You will then provide this modified model matrix to the 'full' argument:
You should be able to test the individual treatment effects in responders and non-responders using the 'name' argument, and you can contrast them using the list-style of the 'contrast' argument. And this controls for cell line effects, so you are comparing the treatment effects within cell lines.

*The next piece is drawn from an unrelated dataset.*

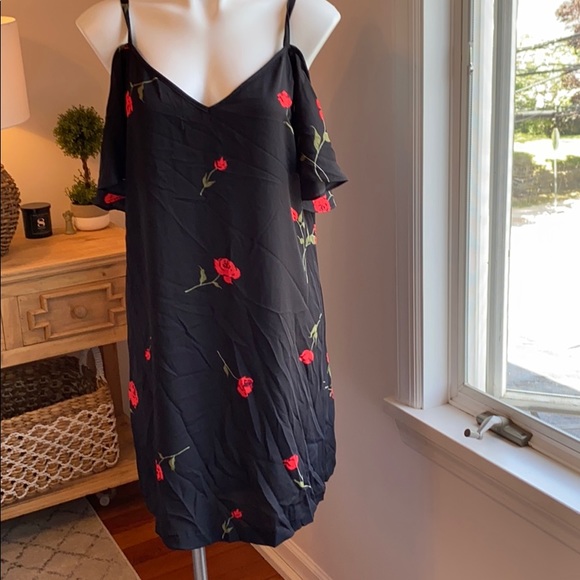 BEYOND BY ASHLEY GRAHAM DRESS - Picture 2 of 6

HI Michael, I'm working with a similar design where I have a model with 3 factors, two fixed factors, SEX (M, F) and DIET (Low and high). Then the random factor that is Strain 1, 2, 3.
I'm using DESeq2_1.12.4
> as.data.frame(colData(dds))
sex diet strain name sizeFactor replaceable
C2 male H 2 M3HPS 0.6105888 FALSE
C3 male H 3 M6HPS 1.0305482 FALSE
C4 female H 1 F2HPS 1.2311071 FALSE
C5 female H 2 F3HPS 0.5622835 FALSE
C6 female H 3 F6HPS 1.1050964 FALSE
C7 male L 1 M2LPS 1.2206942 TRUE
C8 male L 3 M6LPS 1.3228398 TRUE
C9 male L 2 M3LPS 0.6330985 TRUE
C10 female L 1 F2LPS 1.3312426 TRUE
C11 female L 2 F3LPS 1.2465671 TRUE
C12 female L 3 F6LPS 1.8290932 TRUE
Maria_2HM male H 1 M2HPS_b 0.7746767 FALSE
Maria_2LM male L 1 M2LPS_b 0.9076435 TRUE
I'm most interested in the effect of diet, so use LRT to analyze the effect diet, full = ~ sex + strain + diet , reduced = ~ sex + strain. However analyzing each factor I know there is a difference among the strains and between sexes. The difference among the strains will allow me to generalize the effect of the diets to the population.

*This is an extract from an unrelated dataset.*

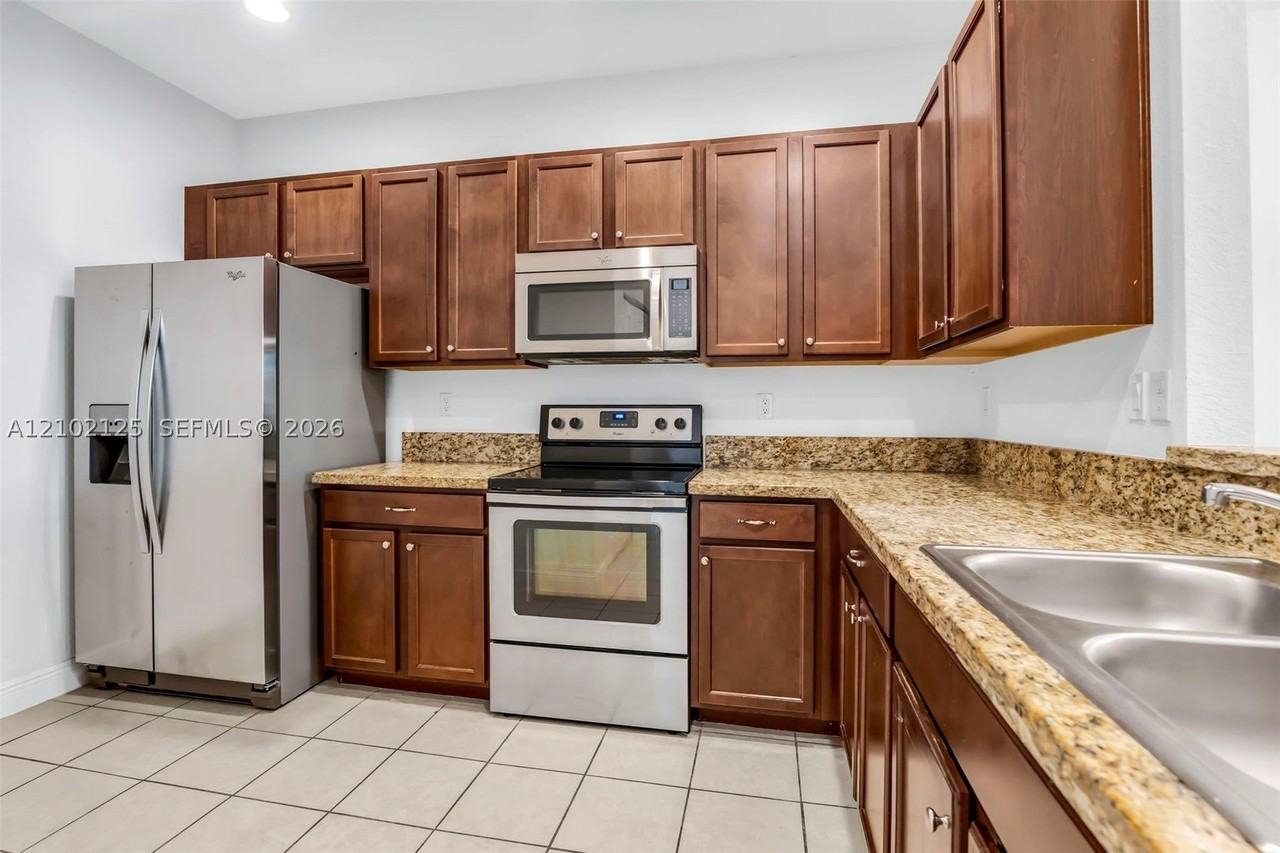 817 Sw 147th Ave #1404 - Photo 3 of 46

I have also evaluated the effect of diet*strain
full = ~ sex + strain + diet + diet*strain , reduced = ~ sex + strain + diet
my references are: Female, High diet, strain 1
here I get the following
[1,] "Intercept"
[2,] "sex_male_vs_female"
[3,] "strain_2_vs_1"
[4,] "strain_3_vs_1"
[5,] "diet_L_vs_H"
[6,] "strain2.dietL"
[7,] "strain3.dietL"
How could I get the effect of diet within strain. The effect of low diet vs high diet in strain 1? Low diet vs high diet in strain 2?Low diet vs high diet in strain 3? . I would like to see the effect of the diet in females vs males. Any help will be more than appreciated.
hi,
I'd recommend you speak with a local statistician to discuss the interpretation of coefficients and how to pull out your comparisons of interest. There are many possible designs to use here, and the modeling choices are up to really.